## Records from a data source
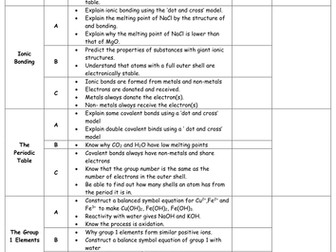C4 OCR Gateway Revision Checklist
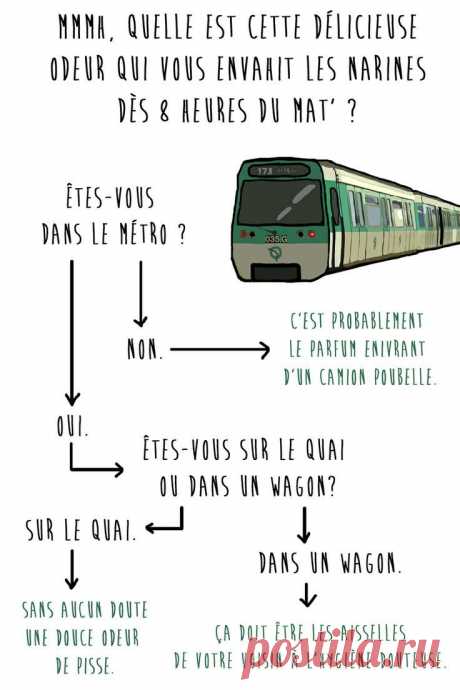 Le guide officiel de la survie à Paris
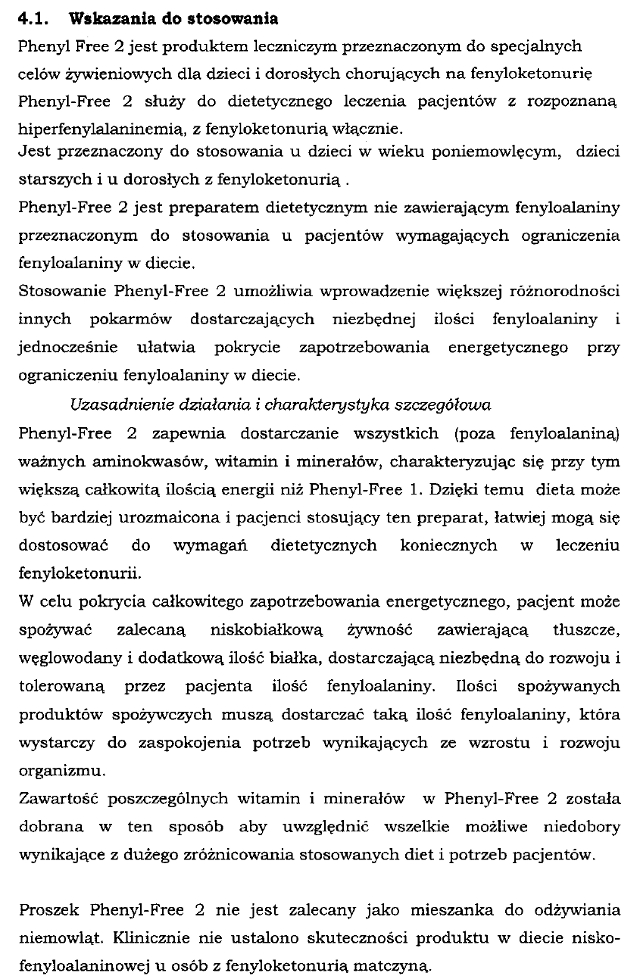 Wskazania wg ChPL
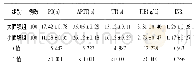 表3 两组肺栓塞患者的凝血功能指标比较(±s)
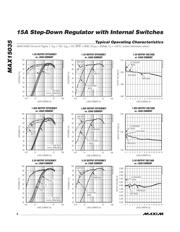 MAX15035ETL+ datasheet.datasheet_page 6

## The problem
Give all the lines above again, character for character, without pictures.

## Solution
C4 OCR Gateway Revision Checklist
 Le guide officiel de la survie à Paris
 Wskazania wg ChPL
 表3 两组肺栓塞患者的凝血功能指标比较(±s)
 MAX15035ETL+ datasheet.datasheet_page 6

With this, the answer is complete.